The Job the Guidelines Hand to a Broker's Security Lead

IRDAI's revised cyber security guidelines have done something quietly transformative for a broking firm: they have created, or upgraded, a job. Where information security at many brokers was an unnamed responsibility shared between an IT manager and whoever happened to care, the guidelines now require a Chief Information Security Officer, or a proportionate senior equivalent, with a defined mandate, an independent reporting line, and a body of work they must complete and evidence every year. This article is written for the person who holds that role and the board they report to, and it treats the guidelines as a workplan rather than a legal summary.

The defining feature of the role is its independence. The guidelines require the security lead to be separated from the IT function and barred from carrying business or revenue targets. The logic is structural: a security lead who reports into the head of IT cannot objectively challenge an IT decision that trades security for speed, and one who carries a sales number faces a conflict every time caution would cost a deal. So the first deliverable is not technical at all. It is a clean reporting line, a written remit, and the standing to escalate a concern past the people whose work the CISO must scrutinise.

From that mandate flow four recurring streams of work that the rest of this piece treats in turn: a vulnerability-assessment and penetration-testing cadence that proves the firm's defences actually hold; an annual independent security audit that an external assessor signs, with any non-conformities tracked to closure on a defined clock; a tested incident-response lifecycle that turns a breach into a managed sequence of detect, contain, notify and recover rather than a scramble; and a board reporting rhythm that converts all of the above into decisions the directors own.

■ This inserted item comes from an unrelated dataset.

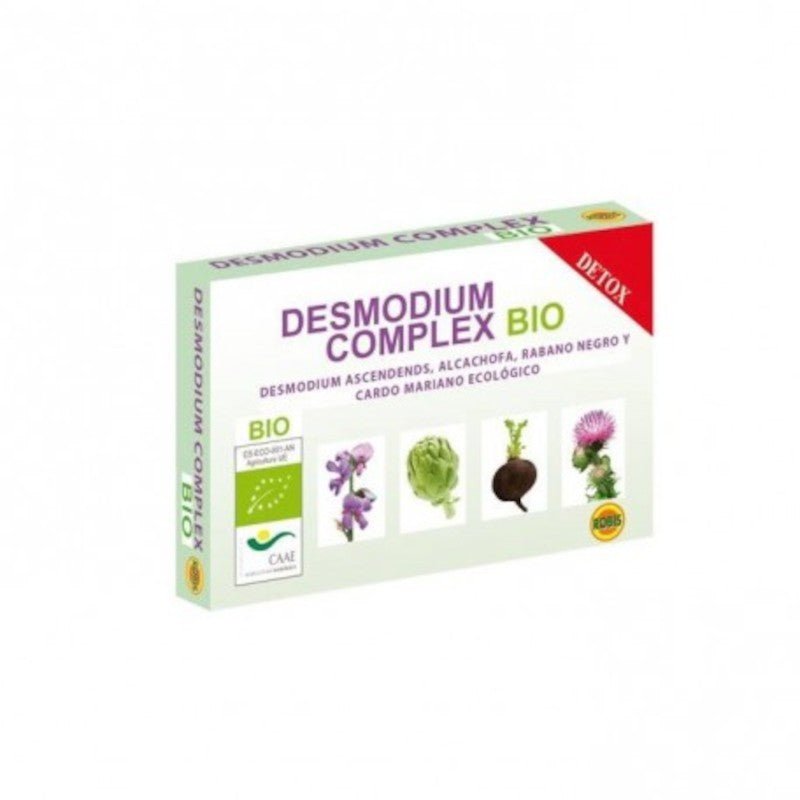 Robis Desmodium Complex 60 Comprimidos-1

Around these sits the firm's data-protection position, because the guidelines are designed to dovetail with the Digital Personal Data Protection Act, 2023 and the DPDP Rules, 2025, so a breach of personal data engages both the sectoral notification duty and the data-protection law at once.

Building the CISO Mandate and the Board Reporting Line

The first stream of the CISO's workplan is to make the role real, because an independent security lead on paper who cannot influence anything is the failure mode the guidelines are written against.

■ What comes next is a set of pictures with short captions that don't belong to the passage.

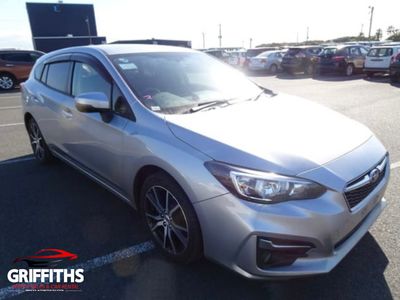 Subaru Impreza Sport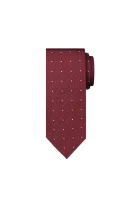 kravata Armani Collezioni 	bordo	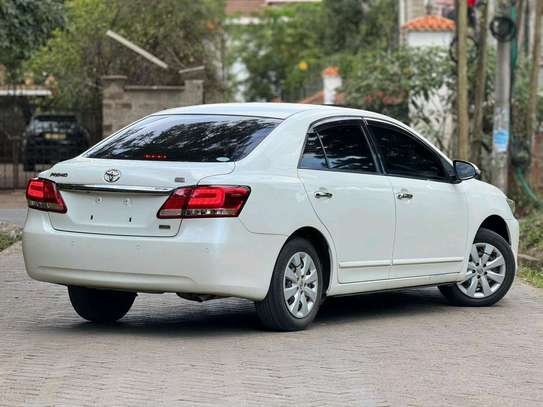 TOYOTA PREMIO X image 13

Positioning the role so independence is genuine

In a large broking firm this is a dedicated, full-time CISO sitting outside the IT reporting line and outside the revenue-carrying business. In a smaller firm that lacks the scale for a full-time appointment, the substance still has to hold: a named security leader, however resourced, who does not report to whoever runs the firm's systems and who carries no sales target. Whatever the structure, three things must be true. The security lead has a written remit that names their authority. They have a route to escalate directly to the board or its governing body without passing through the functions they oversee. And they hold a budget line, or a clear claim on one, so that a security need is not silently overruled by an operations priority.

What the board now owns

The guidelines pull the board into the picture deliberately. The board (or the governing body of a smaller intermediary) must approve the firm's information and cyber security policy, allocate budget proportionate to the threat the firm faces, review the findings of the security audit, and ensure identified gaps are closed within a defined period rather than left open indefinitely. This is the accountability hinge of the whole regime: cyber security becomes a board-owned enterprise risk sitting alongside financial and operational risk, not a technical chore delegated downwards and forgotten.

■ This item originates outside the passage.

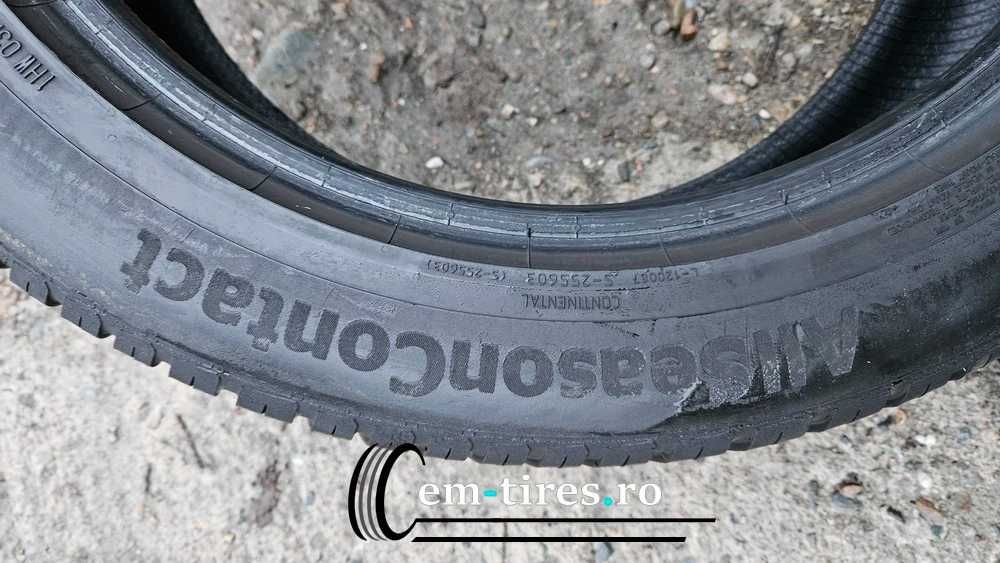 235/50 R19 • All Season • Continental AllSeasonContact  103V | 2 buc | Pret/buc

The reporting rhythm that makes oversight real

Between the CISO and the board sits a security committee that must convene at least quarterly. The quarterly cadence is the point: it forces a recurring, current review rather than an annual glance. For the CISO, the practical task is to give that committee, and through it the board, something they can actually decide on. A board pack that is a wall of technical alerts is useless; a board pack built around a short set of key risk indicators, open audit non-conformities and their closure dates, the status of the VAPT programme, incident counts and lessons, and the standing of the data-protection position, is something directors can govern with. The CISO's reporting is the mechanism that turns a regulatory obligation into board decisions about budget, risk appetite and remediation priority.

Proportionality without dilution

The guidelines recognise that a fifteen-person broking firm is not a large carrier, and proportionality is built in. But proportionality scales the resourcing, not the principle. A smaller intermediary may meet the role through a shared or appropriately structured external arrangement, but the independence, the board reporting line and the closure discipline are not optional, and the firm should confirm the regulator's specific expectations for its category rather than assume its size exempts it.

VAPT, the Annual Audit and the Incident-Response Lifecycle

With the role and reporting line in place, the CISO's recurring technical and assurance work falls into three connected streams that the board pack ultimately summarises.

A vulnerability-assessment and penetration-testing cadence

Controls that are asserted but never tested are controls the firm cannot stand behind. The CISO should run a regular vulnerability-assessment and penetration-testing programme, VAPT, that probes the firm's externally facing systems, its client portals, and its internal network for exploitable weaknesses, on a defined cadence rather than once before an audit. A sensible rhythm is periodic automated vulnerability scanning of the estate, with deeper penetration testing, and where justified a red-team exercise, at a planned interval and after any material change to systems. The output that matters is not the raw finding list but a tracked remediation register: each vulnerability rated, owned, and closed against a target date, with the high-severity items escalated to the committee. VAPT is also the evidence base that makes the annual audit defensible, because it demonstrates the firm tests itself between audits rather than waiting to be told.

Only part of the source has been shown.